I remember following my mother up to the high wooden counter where she ordered her flour, sugar, tea, and other groceries. The Store Keeper weighed each item on huge metal scales, ladled them into strong brown paper bags and tied them with string. Other goods were parcelled up in brown paper also, and fastened with string . The string was cut, using enormous scissors, from a large spool hanging on the wall. My mother paid cash for the groceries and the Store Keeper took the notes and pressed the metal levers on the large Cash Register . The cash drawer sprang open. He put the notes under a lever in a drawer, found the change and counted it out as he handed it to her. The Store-keeper wore a long, white apron which reached the floor and he was very clever with his parcel wrapping and money-counting. There were a couple of cats asleep on the counter - their night-job was to keep the rats and mice from nibbling holes in the sacks of rice and wheat.

In one corner of the store was the Post Office where the Post Mistress sat behind a counter. She had the very important job of being in charge of letters and parcels being posted or picked up, toll calls being made, or telegrams being received from far-away places.
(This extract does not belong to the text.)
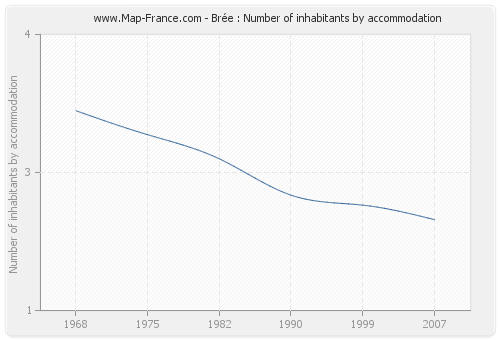 Brée : Number of inhabitants by accommodation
The General Store was a hub for the community. Mothers met and talked about who was sick, who was having a baby, who had died and who was on the flower roster for Sunday Service at the church. The fathers talked about the weather, their cows, bulls and hay-making, who had the latest tractor, and sometimes they muttered about the Government. Us children followed the adults around, uninvolved in the conversations, but hoping somebody would offer a boiled sweet if we were well-behaved. In today’s conversations about the duopoly of the Supermarkets, its good to know there are still General Stores and local mini-markets around the country which meet the ‘general grocery needs’ of their community, offer a place for folk to meet and yarn about those things that matter - and in some cases, even provide coffee and fish and chips.